The new Nissan LEAF has become a mobile power station in Germany as the LEAF is approved to feed power back in to the grid with vehicle-to-grid technology.
There is a lot of chatter around that, as we transition to a world filled with electric cars, it will be impossible for the Grid to cope with power demand. And there’s certainly more than a grain of truth to the assertion.
But the solution isn’t necessarily to build more and more power stations, it’s to manage the power we produce more efficiently than we do, including finding ways to store excess production of energy to smooth the peaks of demand.
On a big scale that can be achieved with stuff like Pivot Power’s plans to develop a 2-gigawatt network of grid-scale batteries around the UK, with the ability to absorb or release two thirds the power of Hinkley C Nuclear Power Station on demand.
But it’s not just the big stuff which will be able to help smooth demand for power, but lots of little things too – like the Nissan LEAF.
Last year Nissan won the Excellence in Climate Solutions Award for its Vehicle-to-Grid work which allows energy stored in the LEAF to be fed back in to the grid at times of high demand, recharging itself when the peak has passed.

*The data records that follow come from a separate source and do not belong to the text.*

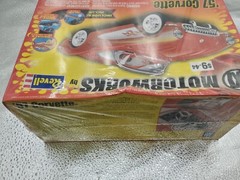 Revell Motorworks ’57 Corvette Model Kit #85-1254 unopened dented Box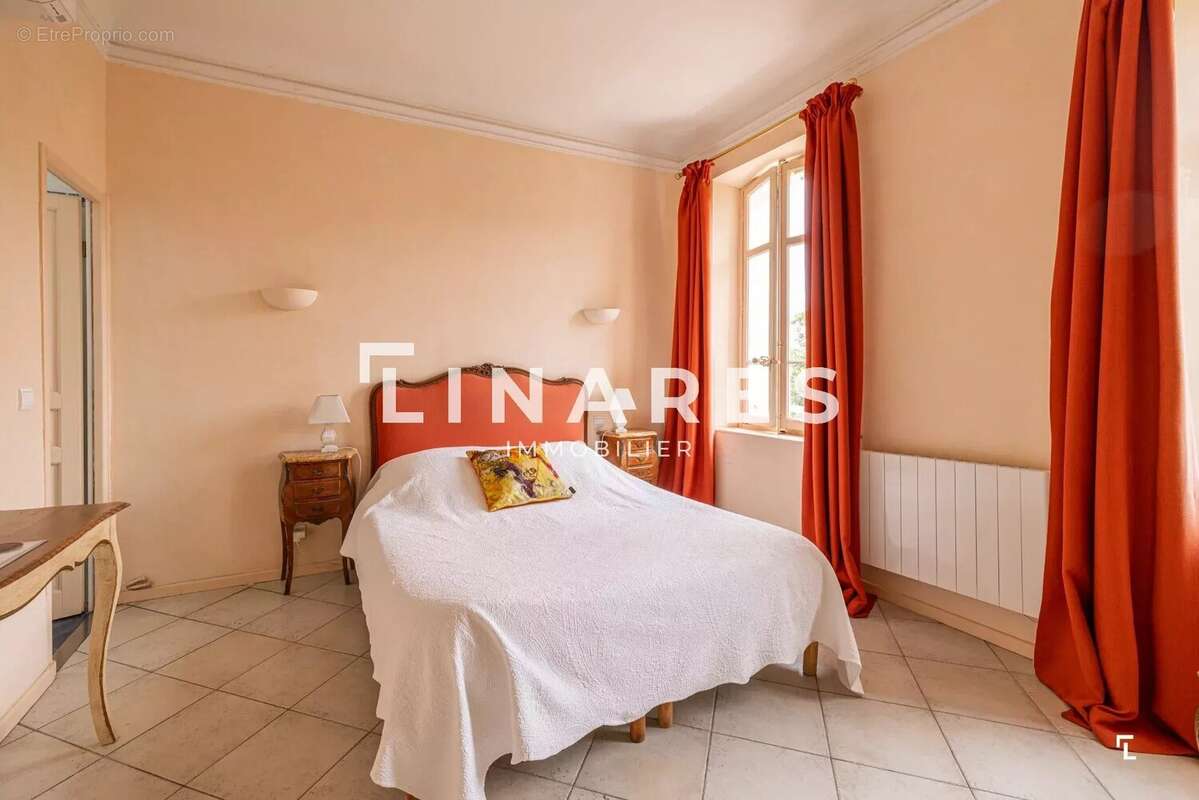 Maison à MARSEILLE-8E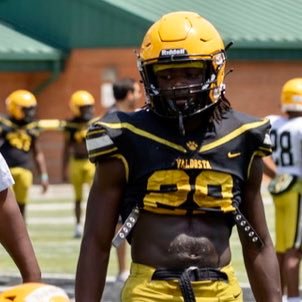 wildchild🦭|outside linebacker|D end|5’11 180|C’O ‘24|VHS🐯|3.1GPA|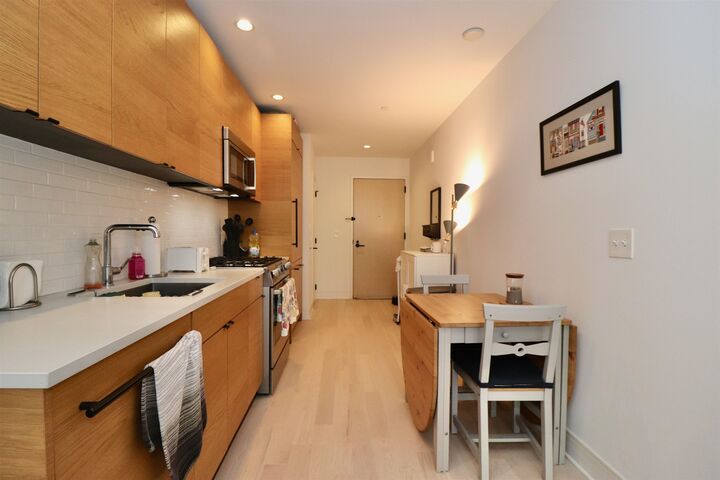 Property Photo:  10 Provost St 314  NJ 07302 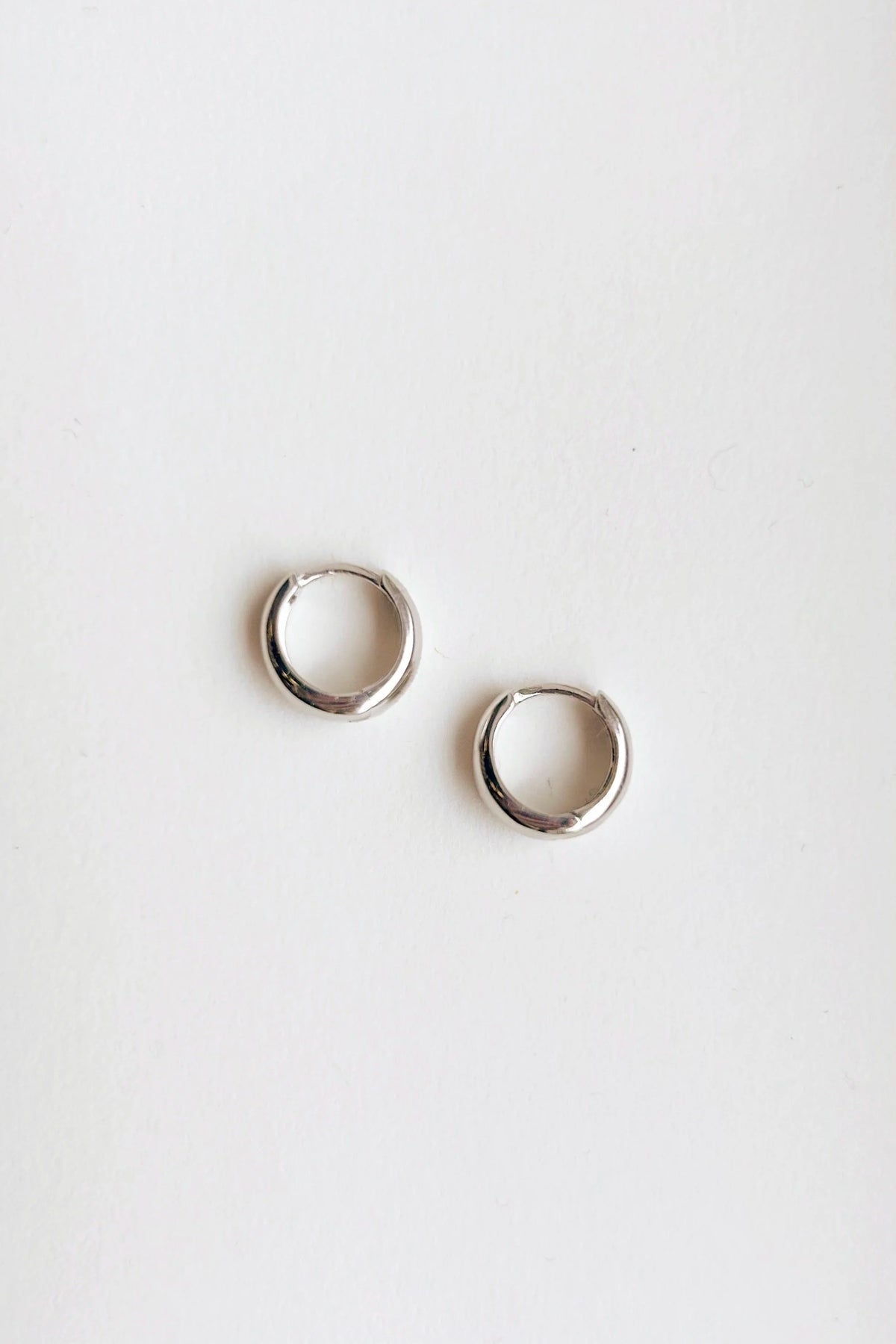 Silver Mini Droplet Hug Hoop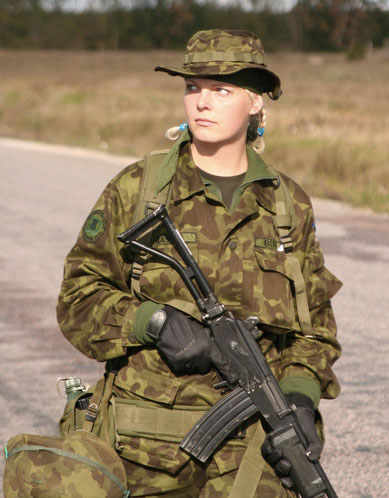 military_woman_estonia_army_000001.jpg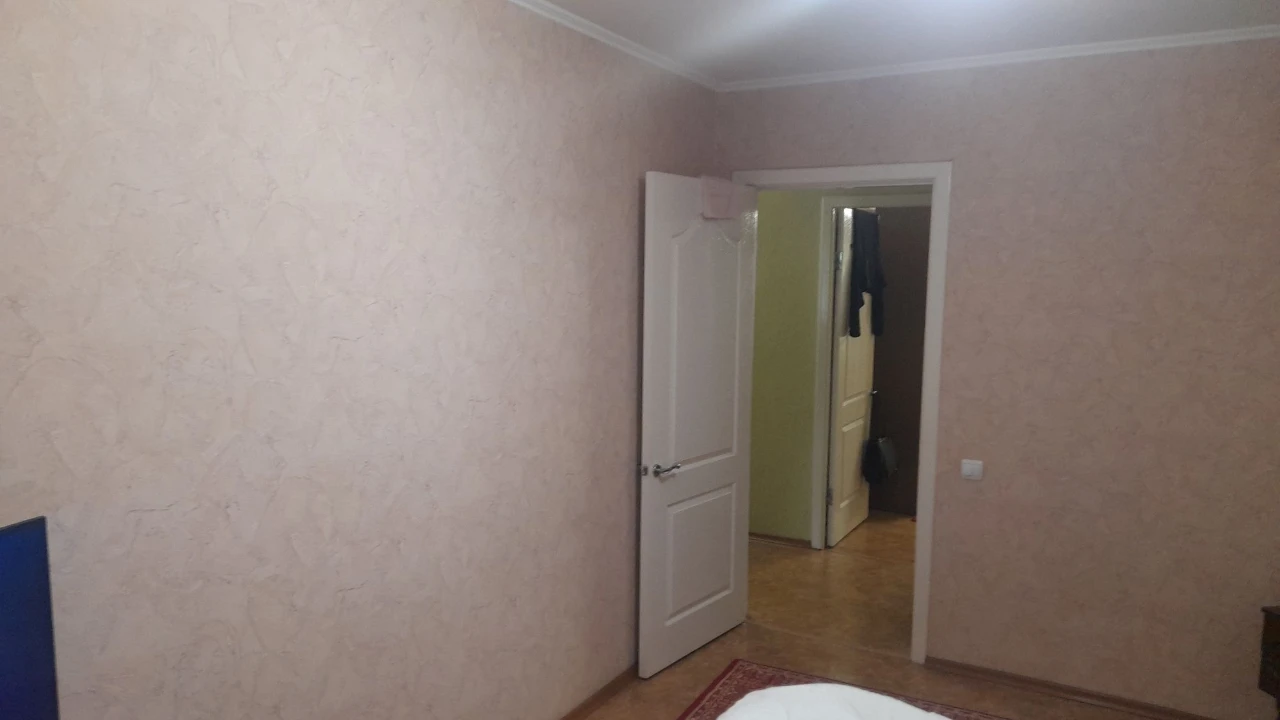 Продаж/обмін 2 кім. кв. р-н Ж/Д вокзала з ремонтом 3/5 Ц 48/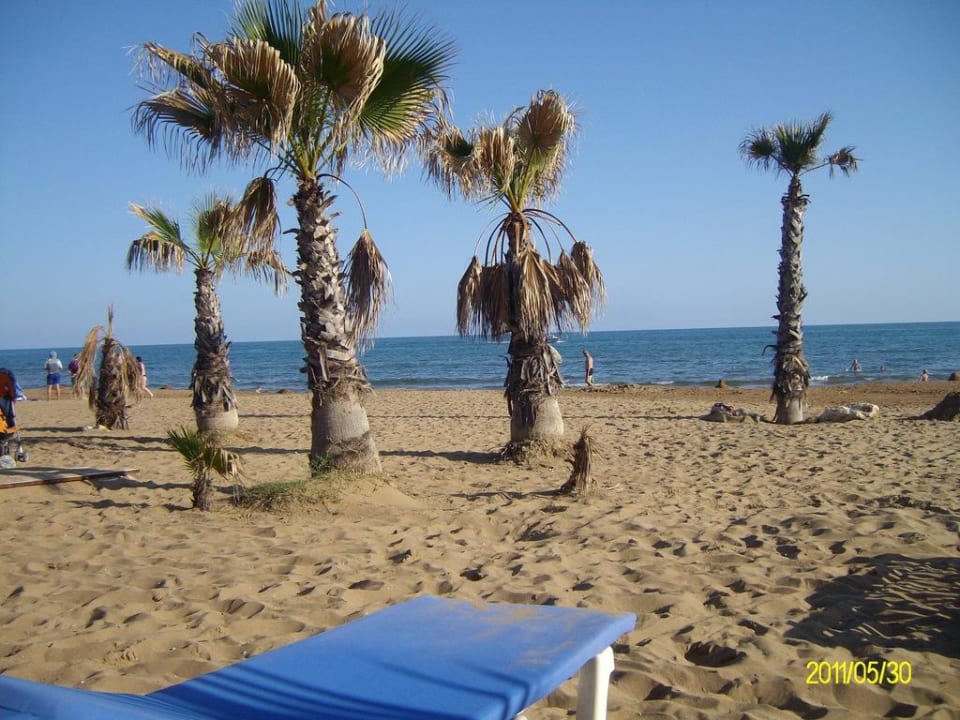 Strand Club Grand Side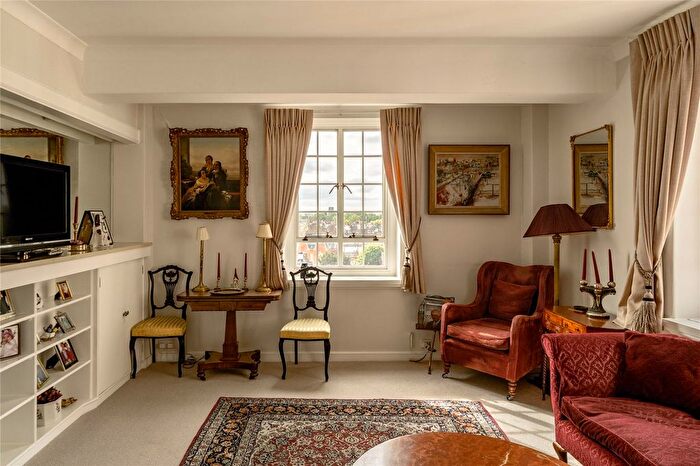 2 Bedroom Flat To Rent In Chelsea Manor Street, Chelsea, SW3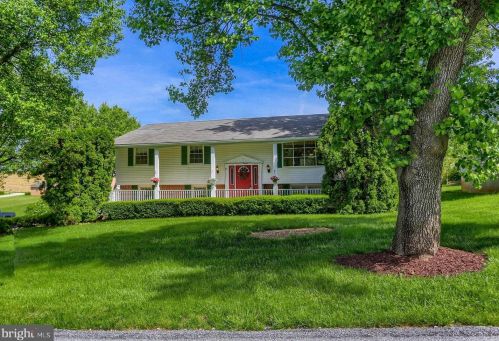 53 Lisburn Ave, Shrewsbury, PA 17361-1703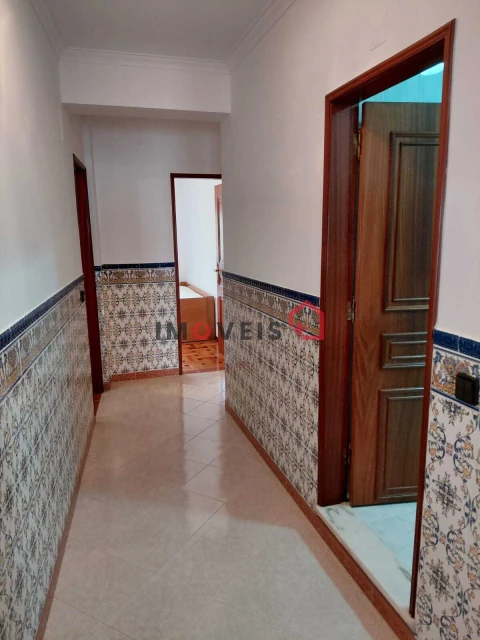 Apartamento T4 para Venda em Fatima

Now that Vehicle-to-Grid technology moves a step closer to real world implementation with the LEAF passing all the regulatory hurdles to be approved by the TSO in Germany, meaning it can be plugged in to the grid to feed back power at times of high demand.
It’s all part of plans to in Germany to decentralise energy generation, with tech company The Mobility House, ENERVIE, Amprion and Nissan running a pilot project in Hagen, and it looks an eminently sensible direction, and even more so the more EVs hit the road.
Guillaume Pelletreau, MD Nissan Centre Europe, said:
We strongly believe in an emission-free future. Accordingly, we are also very proud that the Nissan Leaf has, as the first electric car ever, been approved as suitable for stabilising grid frequencies. Leaf batteries could make an important contribution to energy transition in Germany and a sustainable future.